(Beginning of Source material)

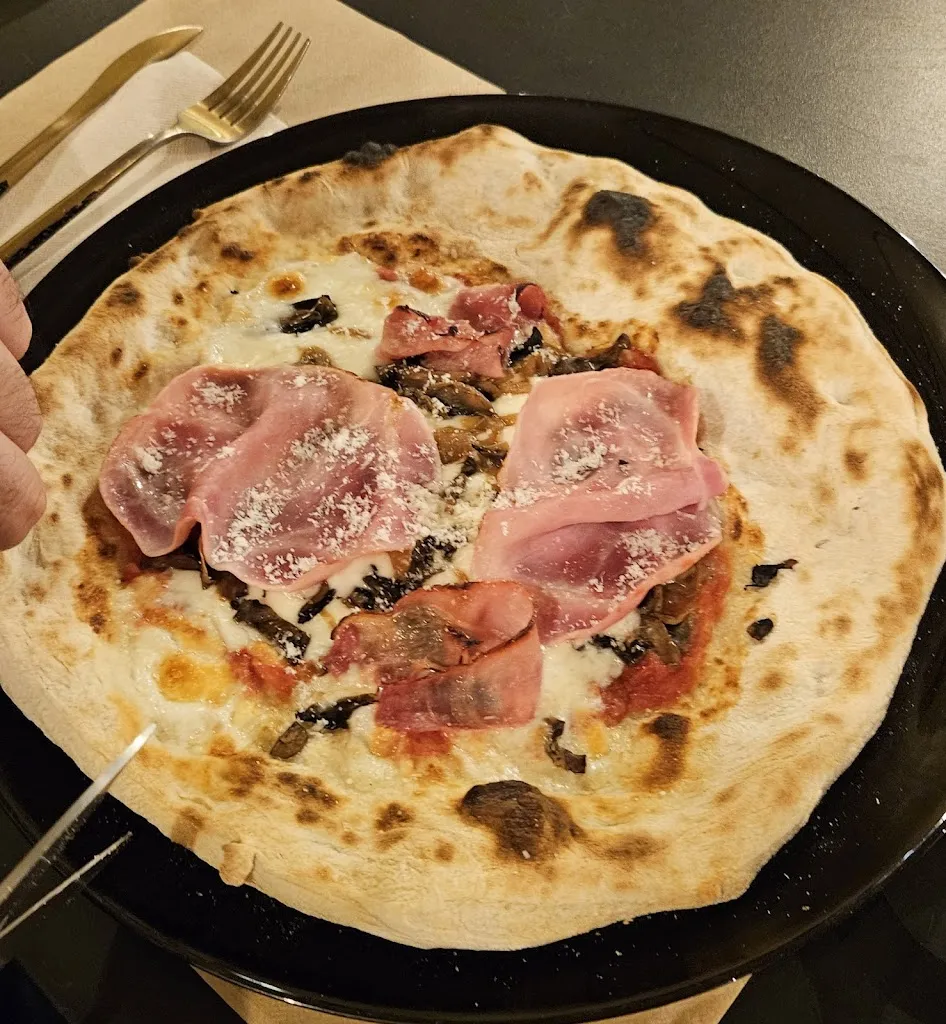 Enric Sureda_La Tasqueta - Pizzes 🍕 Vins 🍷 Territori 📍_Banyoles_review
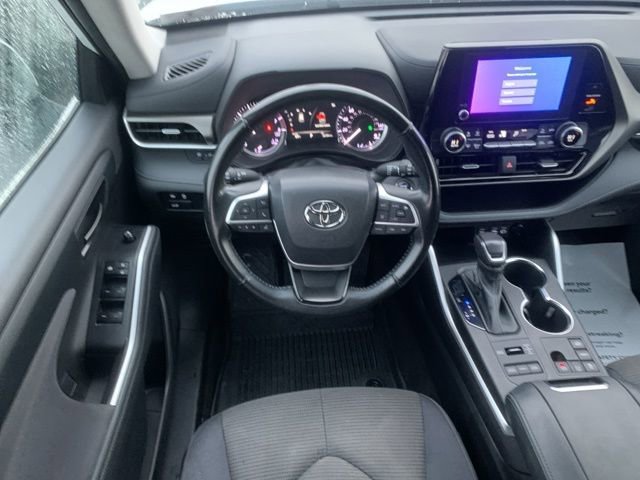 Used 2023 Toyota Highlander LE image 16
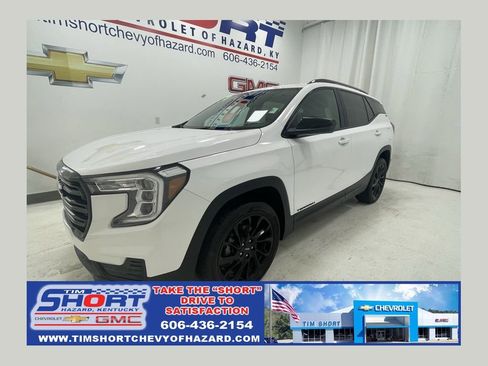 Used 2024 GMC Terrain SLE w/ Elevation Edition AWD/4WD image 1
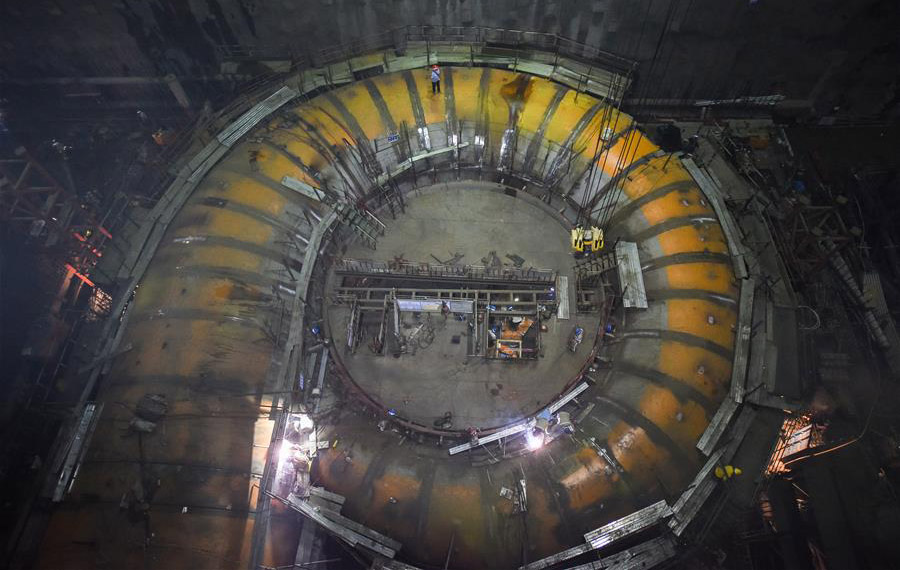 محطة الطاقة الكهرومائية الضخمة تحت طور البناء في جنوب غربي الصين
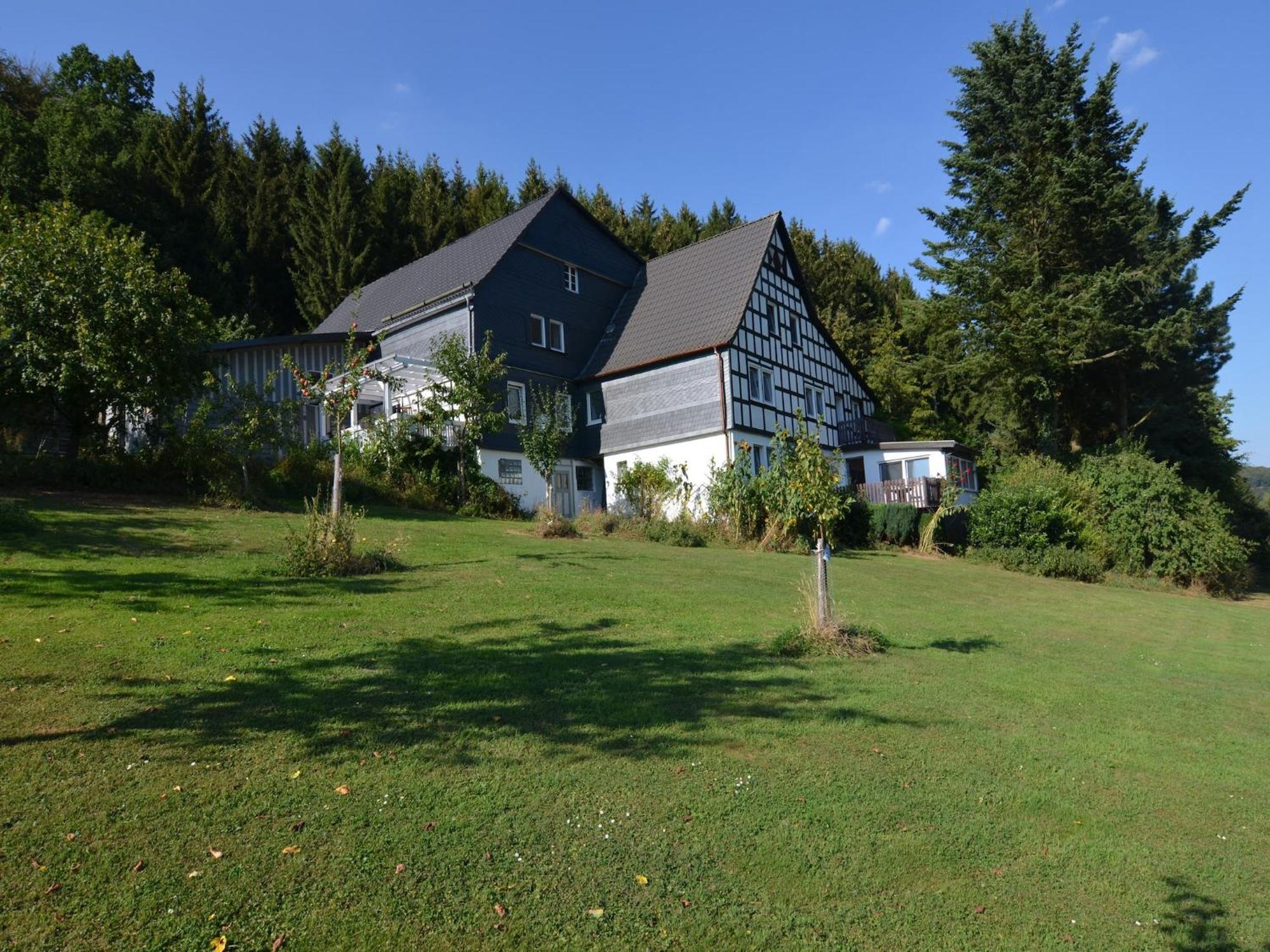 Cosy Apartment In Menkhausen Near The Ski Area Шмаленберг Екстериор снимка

(End of Source material)
(Beginning of Source material)

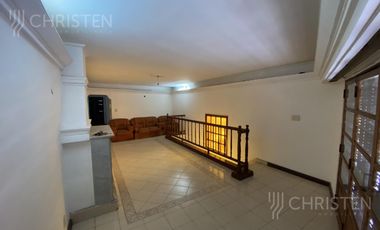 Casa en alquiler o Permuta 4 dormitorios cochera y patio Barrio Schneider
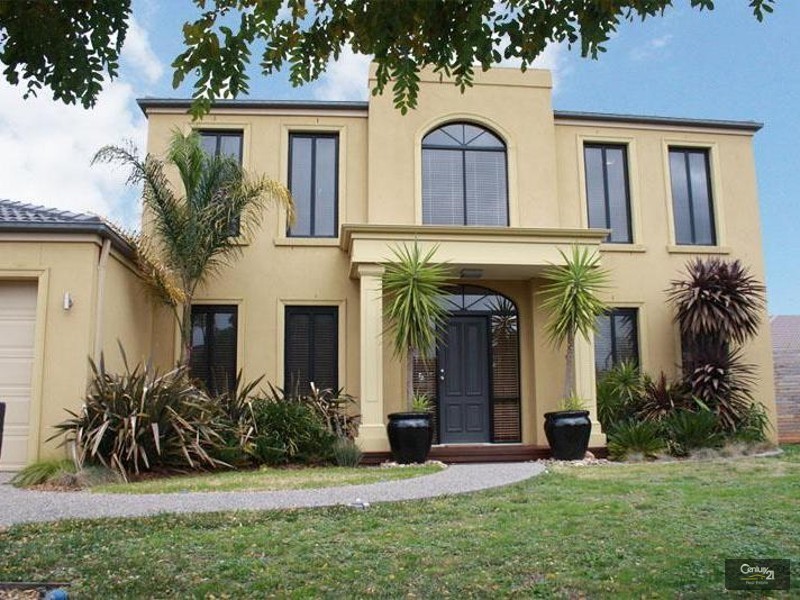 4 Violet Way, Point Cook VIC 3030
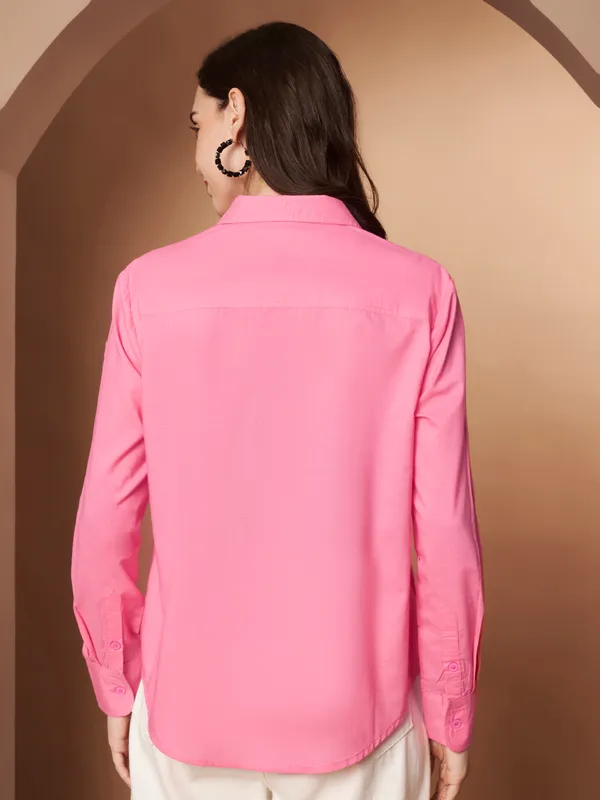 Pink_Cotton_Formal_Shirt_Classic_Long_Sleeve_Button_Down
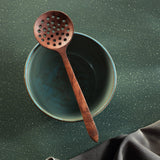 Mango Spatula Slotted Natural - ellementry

(End of Source material)

§ **Task**
Only the lines starting at the one that includes "Casa en alquiler" and ending at the one that includes "Mango Spatula Slotted Natural - ellementry" should be retyped, exactly, from the records above; no pictures.

§ **Result for this exercise**
 Casa en alquiler o Permuta 4 dormitorios cochera y patio Barrio Schneider
 4 Violet Way, Point Cook VIC 3030
 Pink_Cotton_Formal_Shirt_Classic_Long_Sleeve_Button_Down
 Mango Spatula Slotted Natural - ellementry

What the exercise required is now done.